O Ministério Público não tem esta limitação, pode intentar a acção em qualquer altura, sem ter havido pronúncia prévia pelo tribunal. Tem todavia duas possibilidades para a propor: i) oficiosamente; ii) ou, mediante requerimento apresentado pelas pessoas e entidades mencionadas no artigo 9.º/2 CPTA, para defesa dos valores aí mencionados (artigo 73.º/3 CPTA). Nestes casos do artigo 73.º/3 CPTA o Ministério Público está obrigado a deduzir o pedido ou não? Este modo de impugnação indirecta dos particulares por intermédio do Ministério Público é um verdadeiro dever deste, ou uma mera faculdade, ao abrigo de um juízo de discricionariedade próprio?
  Ponto assente é que existe um verdadeiro dever nos casos do artigo 73.º/4 CPTA, que consideraremos infra, por isso mesmo poderíamos concluir que no número anterior está consagrada uma mera faculdade e que por isso o pedido dos particulares não é minimamente vinculativo para o Ministério Público.
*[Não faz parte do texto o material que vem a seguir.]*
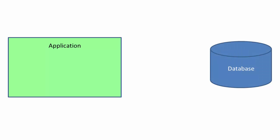So here's a typical scenario. We have our application and an external data source, and we begin by establishing a connection between the two.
Mas, se assim fosse, este procedimento não teria qualquer utilidade, visto que o direito de petição tem os mesmos efeitos e já estava ao dispor das pessoas e entidades do artigo 9.º/2 CPTA. Porém, se contrariarmos ao extremo o que acabamos de afirmar ficaríamos com uma solução também impraticável, porque caso o Ministério Público fosse obrigado a impugnar todos os regulamentos que lhe são pedidos por via do 73.º/3 CPTA isso poderia despoletar infindáveis processos de impugnação de normas, sendo alguns deles desnecessários e apenas servindo para o congestionamento dos Tribunais Administrativos.
  Pedro Delgado Alves, conclui que o mais razoável é dotar o Ministério Público de alguma margem de manobra, impondo-lhe todavia, um dever especial de fundamentação nos casos em que opte por não dar seguimento a um requerimento formulado[13], acrescentamos nós que esta solução intermédia é a que mais se adequa à protecção das garantias dos particulares e ao princípio do interesse processual.
  Caso o Ministério Público tenha conhecimento de que a mesma norma foi alvo de desaplicação em três casos, devido à sua ilegalidade, tem o dever de propor a acção (artigo 73.º/4 CPTA). Aqui, ao contrário do que acabou de se concluir relativamente ao artigo 73.º/3 CPTA, existe um verdadeiro dever. Assim que o Ministério Público tiver conhecimento da desaplicação da norma em três casos concretos ele está obrigado a propor a acção de impugnação com força obrigatória geral.
  Os efeitos da impugnação de regulamentos com força obrigatória geral encontram-se expressamente previstos no artigo 76.º CPTA[14]. A regra é que os efeitos se produzem retroactivamente - eficácia ex tunc – e determinam a repristinação das normas revogadas, sem prejuízo de o tribunal poder determinar que os efeitos se produzam apenas para o futuro – tenham eficácia ex nunc – quando tal se justifique por razoes de segurança jurídica, de equidade ou de interesse público de excepcional relevo (artigo 76.º/1 e 2 CPTA).
  Ficam ressalvados expressamente os casos julgados e os casos decididos, salvo quando exista uma decisão em contrario, em matéria sancionatória, que seja mais favorável ao particular.
   Em jeito de conclusão, a declaração de ilegalidade com força obrigatória geral tem com efeito, o alcance de reintegrar a ordem jurídica no seu conjunto[15]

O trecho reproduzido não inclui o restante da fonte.